Alumna Craig Kopris receives DEL Fellowship
Craig Kopris, a 2001 Ph.D. Alumna (UB Dissertation entitled “A Grammar and Dictionary of Wyandot”) was awarded a Documenting Endangered Languages Fellowship by the National Science Foundation to write a dictionary of Wyandot (Iroquoian). We are so proud!
Look who’s talking @ DETEC
Congratulations to Ph.D. student Alexandra Lawson, whose paper “Repeating Names: Proper Names Usage is Sensitive to Speaker Expectation” was accepted as a talk at Discourse Expectations: Theoretical, experimental, and computational perspectives (DETEC 2017), to be held at the Max-Planck in Niejmegen this upcoming June. Way to go Ali!
Mark Diamond Research funds awarded to Luis Ulloa and Yu Li
Congratulations to PhD students Luis Ulloa and Yu Li, who have been awarded MDRF grants to support their research.
LSA Fellowship to Dana Glantz
Linguistics undergraduate student Dana Glantz has been awarded a Linguistic Institute Fellowship, to attend the upcoming 2017 LSA Institute. Congratulations!
Award to Thomas St. Pierre
PhD Student Thomas St Pierre has just been received a Graduate Student Excellence in Teaching Award. Congratulations!
Award to Erika Bellingham
Congratulations to PhD Student Erika Bellingham, who won one of only four student bursaries to present her paper at the International Pragmatics Conference (IPrA 2017) in Belfast, in July.
Congratulations to Dawei Jin
Ph.D. Alumnus Dawei Jin is now a lecturer in Shanghai Jiao Yong University, China. Congratulations!
Look who’s talking @ IPrA
Erika Bellingham, Sang-Hee Park & Juergen Bohnemeyer will be presenting a paper on “Causality in discourse: crosslinguistic patterns”, in the panel “Linguistic Expressions and Devices that Yield the Implicature of Cause and Effect” organized by Hanazaki Miki (et al.) during the 15th International Pragmatics Conference, Belfast, Northern Ireland, 16-21 July 2017.
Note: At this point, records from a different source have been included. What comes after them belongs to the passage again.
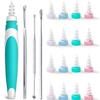 Earwax Remover, Soft Silicone Ear Cleaning Tool, Earwax Removal Tool with 16 Replacement Heads + add 4 PCS Metal Ear Picker Set, Safe and Easy to Remove Ear Wax view 1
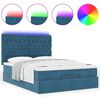 vidaXL Ottoman bed met matrassen en LED's 140x200cm fluweel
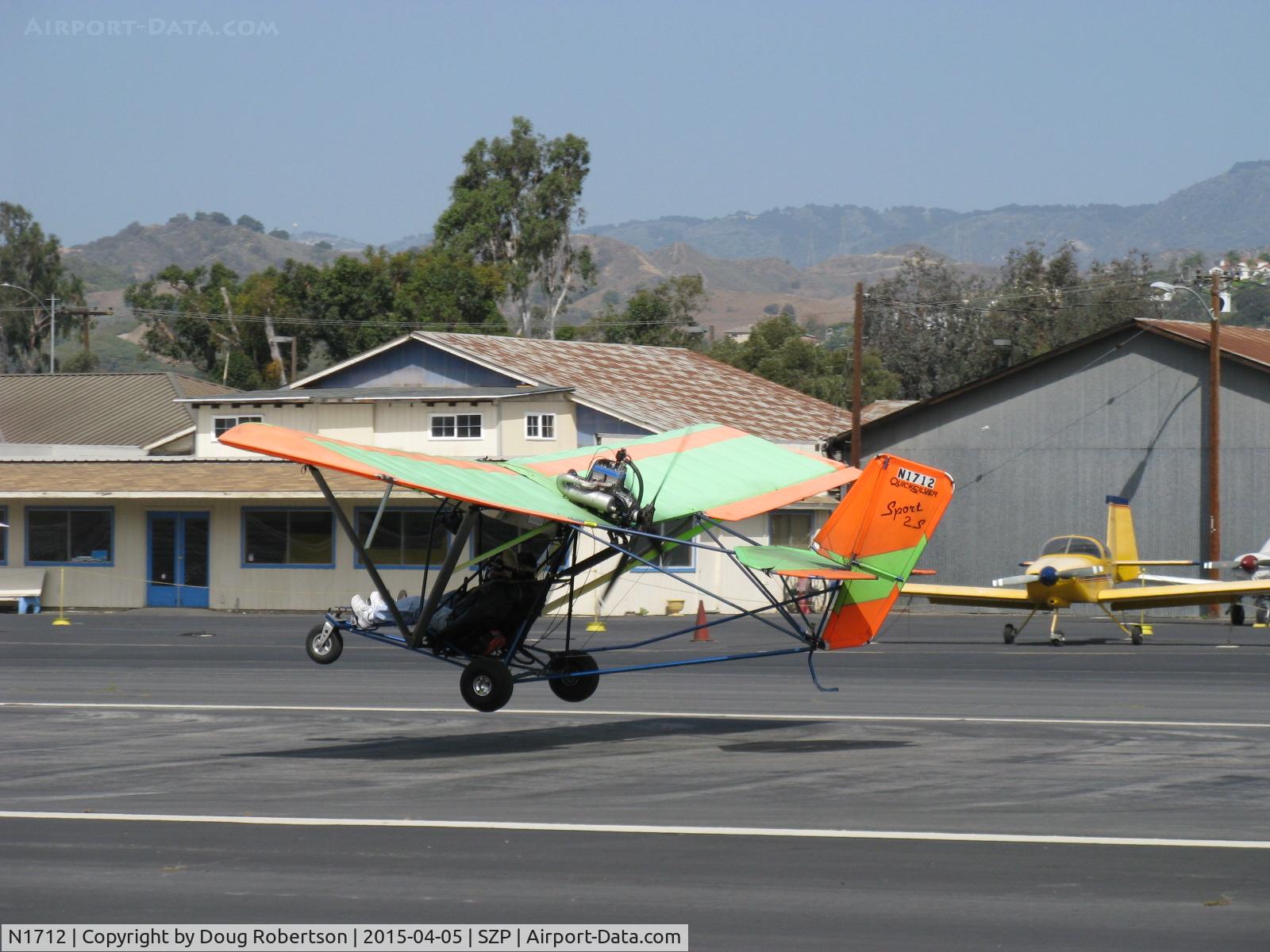 N1712, Quicksilver Sport IIS C/N 0071, 2005 Quicksilver SPORT 2S, Experimental class Ultralight, Rotax 582DCDI liquid-cooled two stroke two-cylinder 65 Hp pusher, short landing Rwy 22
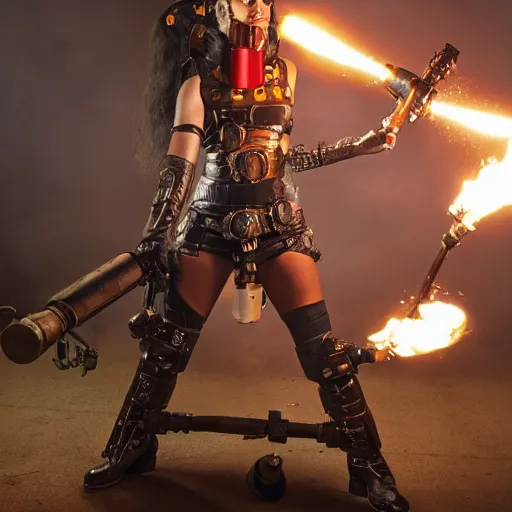 Image similar to photo of a female steampunk warrior with jetpack and flamethrower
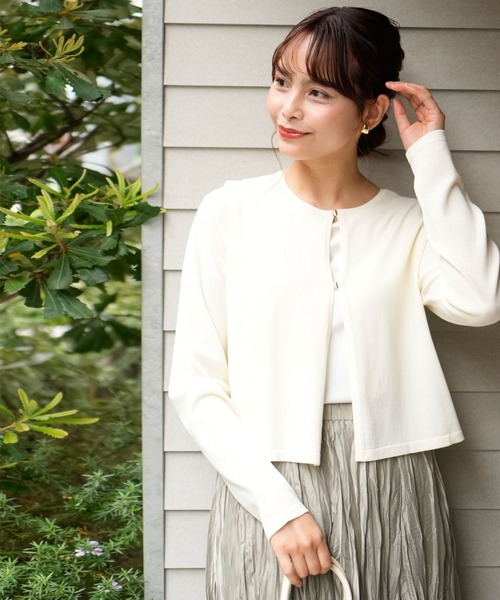 PLEATS PLEASE ボレロ ホワイトカーディガンのみ 会食も使える！きちんと上品見えUVカットカーデ※接触冷感もあり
Look who’s talking @ Summer LSA Institute
Jürgen Bohnemeyer will be teaching a course entitled “Typology of Spatial Representation” at the 2017 Summer Linguistics Institute, which is taking place in Lexington KY from July 5th to August 1st.
Look who’s talking @ BLS 43
Congratulations to Ph.D. student Hao Sun, who will be presenting a paper entitled “There are more valence alternations than the ditransitive” (co-authored with Professor Jean-Pierre Koenig) at the 43rd Annual Meeting of the Berkeley Linguistics Society.
Mark Diamond Research Fund awards to Holly Keily and Derry Moore
Congratulations to PhD students Holly Keily and Derry Moore for each receiving a Mark Diamond Research Fund award, which will support their dissertation studies.